Hilzoy comments on Bill Frist’s latest moves:
Wow. After all sorts of unspeakable bills have passed the Senate under his leadership, here is where Bill Frist is finally going draw the line: he will not allow limitations on the administration’s ability to torture people, or to violate treaties our country has solemnly sworn to abide by. Making it illegal for CIA officials to keep people standing for 40 hours, or to hold them in rooms cooled down to 50 degrees while dousing them with water, or to deprive them of sleep, even when a pretty impressive array of intelligence officials say that these techniques don’t work, and an even more impressive group of retired generals say allowing them would put our soldiers at risk: that’s just too much for him to swallow.

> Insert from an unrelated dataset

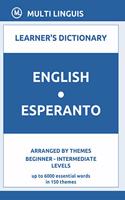English-Esperanto Learner's Dictionary (Arranged by Themes, Beginner - Intermediate Levels): (Esperanto Language)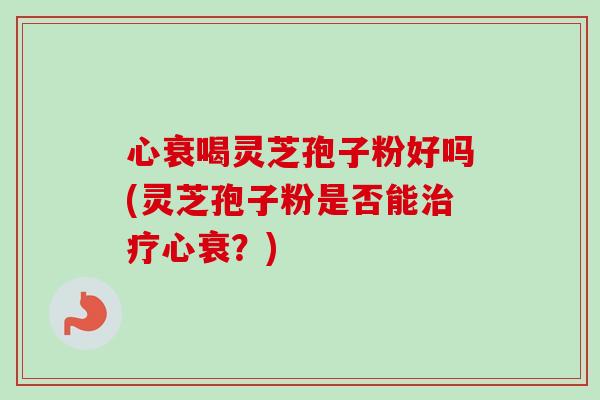 心衰喝灵芝孢子粉好吗(灵芝孢子粉是否能心衰？)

Meanwhile, Carpetbagger pulls a quote.
McCain’s resistance to Bush’s plan is also drawing fire from so-called religious leaders in the conservative movement. The Rev. Louis P. Sheldon, chairman of the Traditional Values Coalition and a vocal supporter of the administration’s proposal, said, “This very definitely is going to put a chilling effect on the tremendous strides he has made in the conservative evangelical community.”
Reverend Sheldon is saying that evangelical Christians will abandon McCain because he opposes torturing people, or putting them to death after a trial where they were not allowed to see the evidence against them. I hope Reverend Sheldon is wrong. I would hope for more acknowledgment of Jesus’s message about turning the other cheek, doing unto other as you would have them do to you, and the blessedness of peacemakers.
I don’t expect that anyone can live up to the ideals that Jesus laid out. We certainly need to be vigilant about protecting our national security. But torturing people and using kangaroo courts is not the way to do it, and it certainly is not Christian. Or, it shouldn’t be.